WHAT YOU SHOULD DO:
Leave out the pictures and retype exactly the lines from the line with "As we move the" through the end of the listing below.

GIVEN RECORDS:

*** Block opens ***

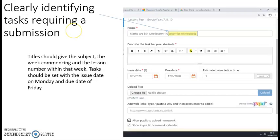To help support you and your son or daughter with the submission aspect of Class Charts, we're asking staff to clearly identify within the title of the task whether a submission is needed or not, and you should see this appearing within Class Charts on the individual tasks.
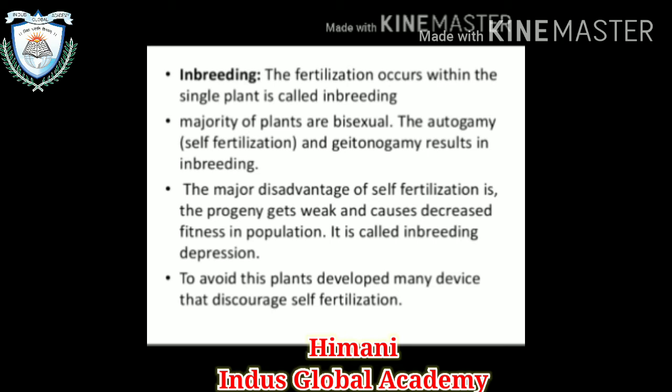Now, inbreeding — the fertilization that occurs within a single plant is called inbreeding. The majority of plants are bisexual, and both autogamy and geitonogamy are types of self-fertilization that result in inbreeding. The major disadvantage of self-fertilization is that the progeny gets weak and causes decreased fitness in the population — this is called inbreeding depression, because variation and the potential for evolution are decreased. To avoid this, plants develop many devices that discourage self-fertilization or inbreeding.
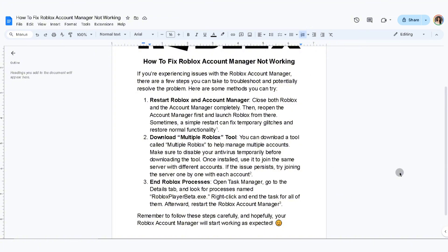If the issue persists, try joining the server one by one with each account. The third method is to end Roblox processes. Open Task Manager, go to the Details tab and look for processes named RobloxPlayerBeta.exe. Right-click and end the task for all of them, then restart the Roblox Account Manager.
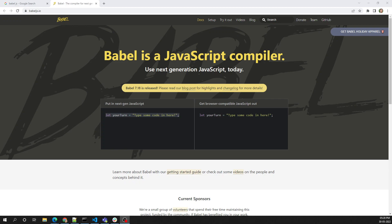Hi friends, this is Leela. Welcome to my channel Leela WebDev. Welcome to my new course on Babel JS. What is Babel JS, why do we need to use it, and where does it exactly fit in front-end development? Let's explore Babel JS in this series.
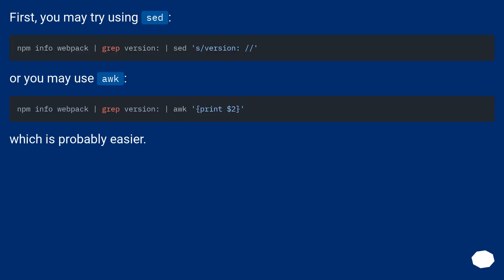First, you may try using sed. Or you may use awk, which is probably easier.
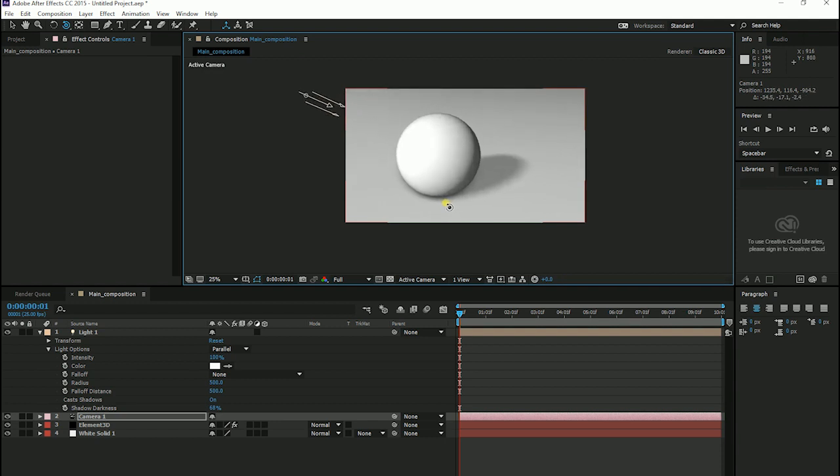As we move the camera, the shadow is moving with our light. So here we have created and cast shadows from our model in Element 3D.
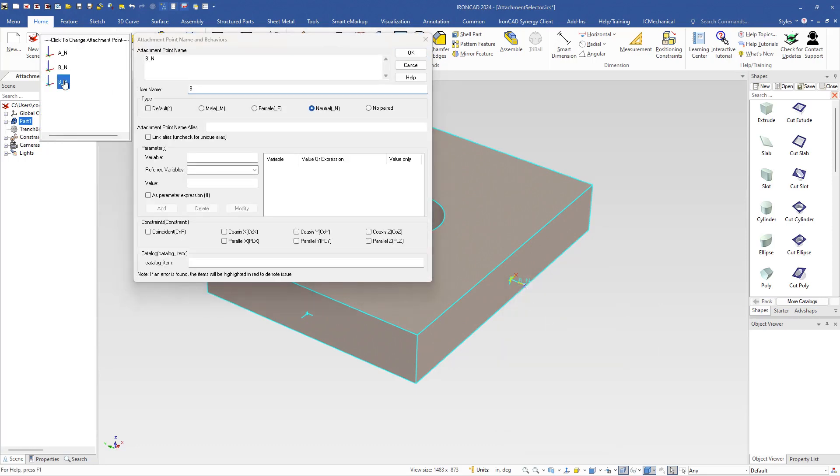So again, you can still select on which element that you're working with to make sure that you're working on the correct attachment point.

*** Block closes ***

OUTPUT FOR THIS TASK:
As we move the camera, the shadow is moving with our light. So here we have created and cast shadows from our model in Element 3D.
So again, you can still select on which element that you're working with to make sure that you're working on the correct attachment point.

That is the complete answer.